The Unified Patent Court (UPC)

IP News

As part of our series on the new European Unitary Patent Package, in this article we examine what is known so far about costs considerations with respect to the Unified Patent Court.  For a general introduction to the Unitary Patent Package see our earlier summary of the system here.

Costs of Litigating

Litigation costs can be divided generally into official fees, e.g. court fees, and the costs of representation, e.g. attorney fees.  Damages or other financial costs for which a claimant may become liable as a result of losing a case are not dealt with in this article.  Here we consider what is known so far about court fees and recoverable costs for representation in respect of the UPC.

Unified Patent Court Fees

Court fees at the UPC will be made up of a fixed-fee and an additional value-based fee, applicable to higher value infringement claims or counterclaims (exceeding €500,000), as summarised in Table 1.

Table 1: Summary of selected UPC Court Fees

As can be seen from table 1, fees for damages determination and substantive appeals largely follow the same approach as for the main proceedings, but applications or counterclaims for revocation and applications for provisional measures have only a fixed fee.

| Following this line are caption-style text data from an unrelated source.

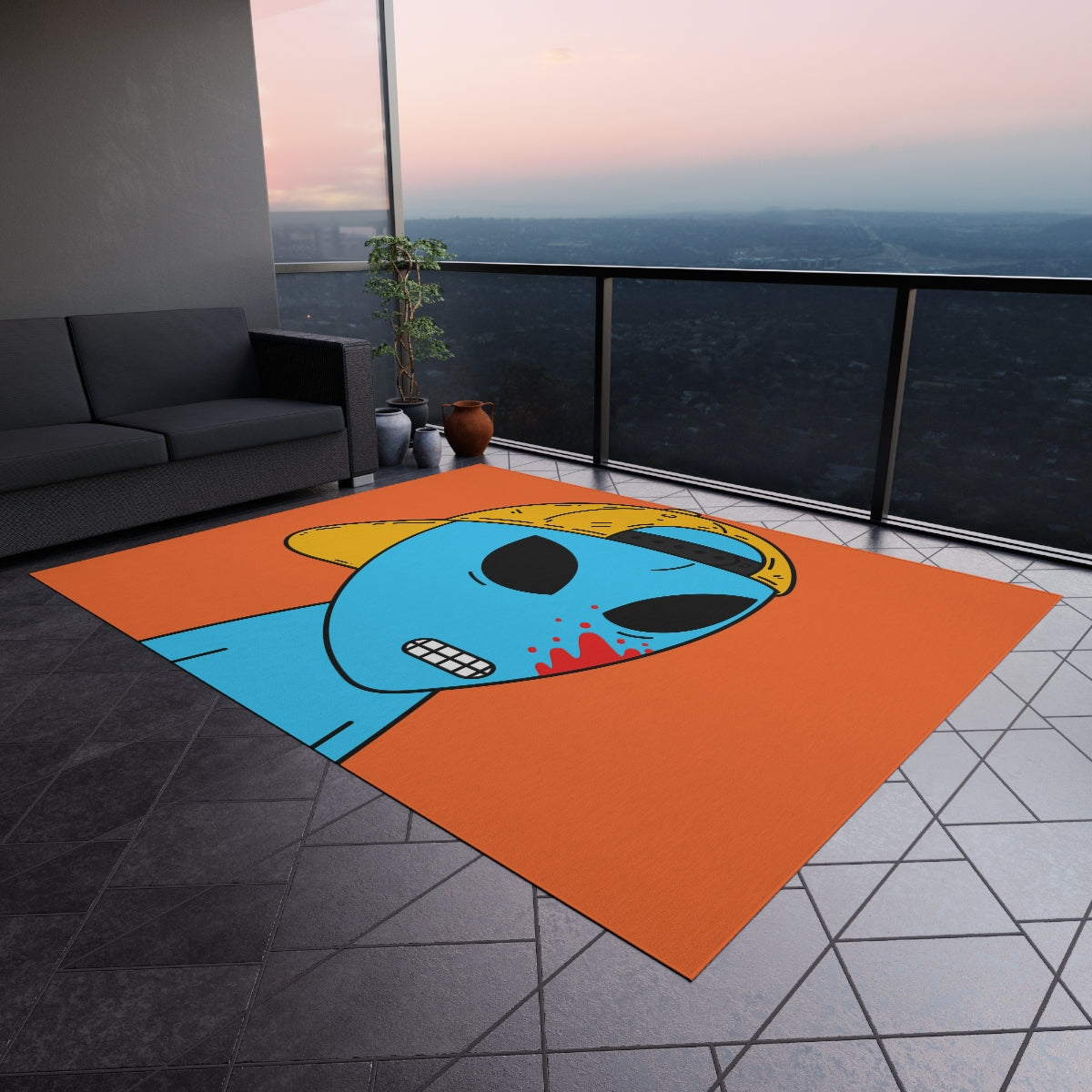 Blue Blood Visitor Alien Cartoon Outdoor Rug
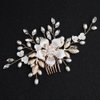 Handmade Flower Wedding Hair Comb Bridal Crystal Hair Side Comb Wedding Hair Accessories for Brides and Bridesmaid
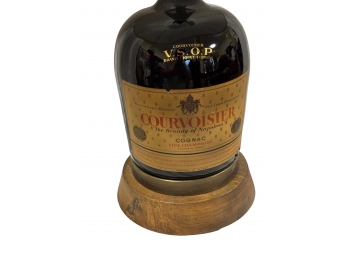 Vintage Advertising  'Courvoisier 'Cognac Bottle Table Lamp With Shade 1 Of 2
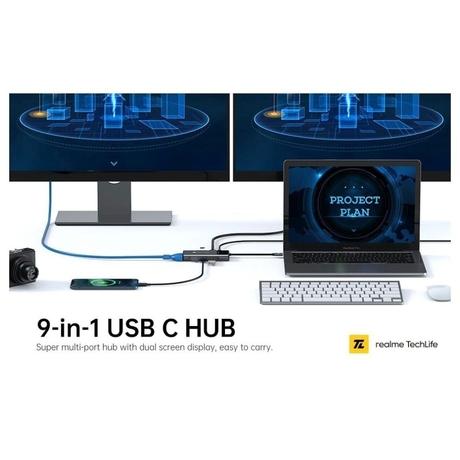 Novoo 9-in-1 Pro USB-C Hub with 3 USB-A Port, USB-C PD Port, HDMI Port, SD Card and TF Slot, VGA Port, Ethernet Port, Dark Grey-13
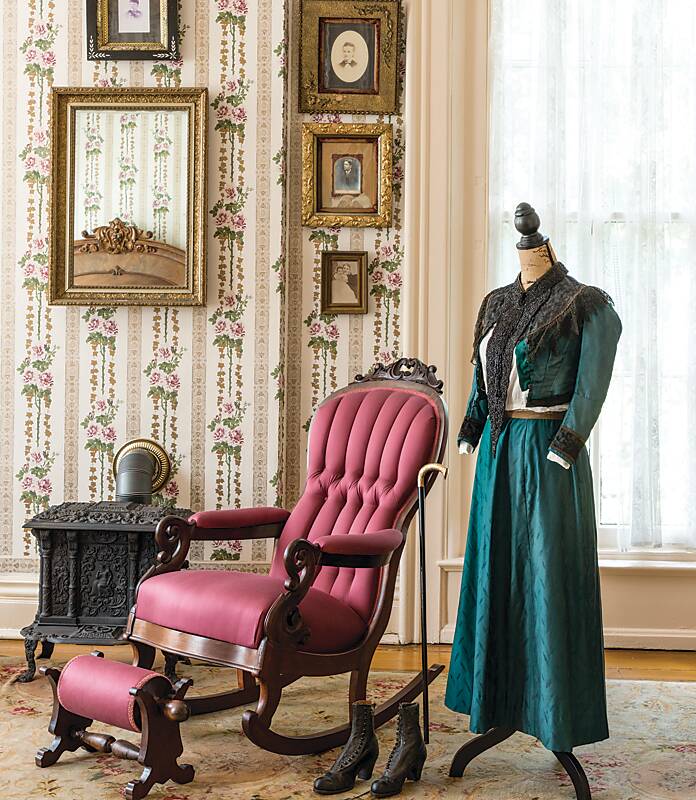 Antique rocking chair and dress at Riverview at Hobson Grove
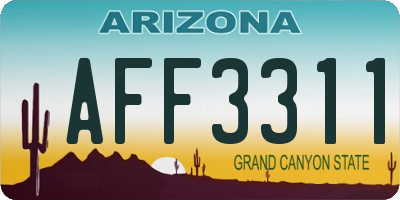 AZ license plate AFF3311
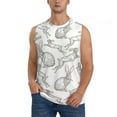 thumbnail image 2 of Goofa Hand Drawn Rabbit Printed Men's Sleeveless T-Shirt - Athletic Gym Workout Tank Top for Men - Moisture-Wicking, UPF 30+ Quick-Dry Muscle Tee-Small, 2 of 8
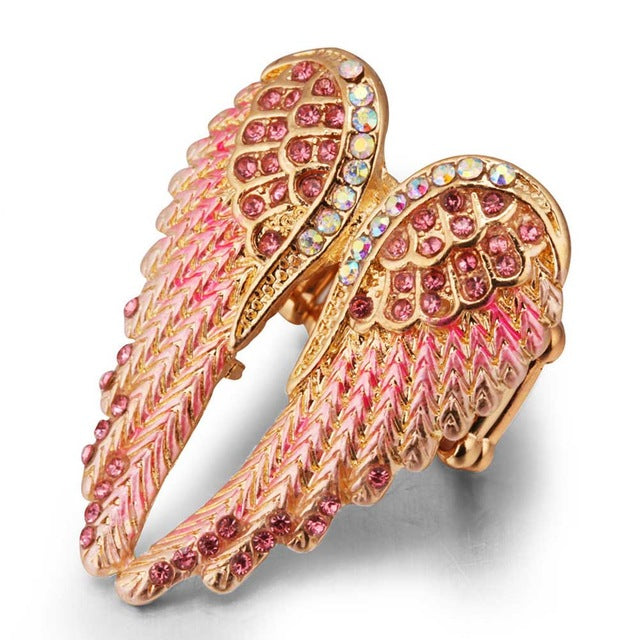 Angel Wings Stretch Ring - Antique Gold Biker Bling for Women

Having a fixed fee for a revocation action and a capped fee for a counterclaim for revocation avoids the possibility of very large court fees applying to what might be a defendant’s primary or only defence – invalidity.  For non-patent proprietors, evidently this is a positive point.

It is also worth noting that for multi-party or multi-patent actions only one set of fees should apply, which is a positive point for claimants.

At present there is no fee for “opting-out” of the UPC in respect of “classical” European patents, which is also significant.  For more information on “opt-out” see our earlier summary article.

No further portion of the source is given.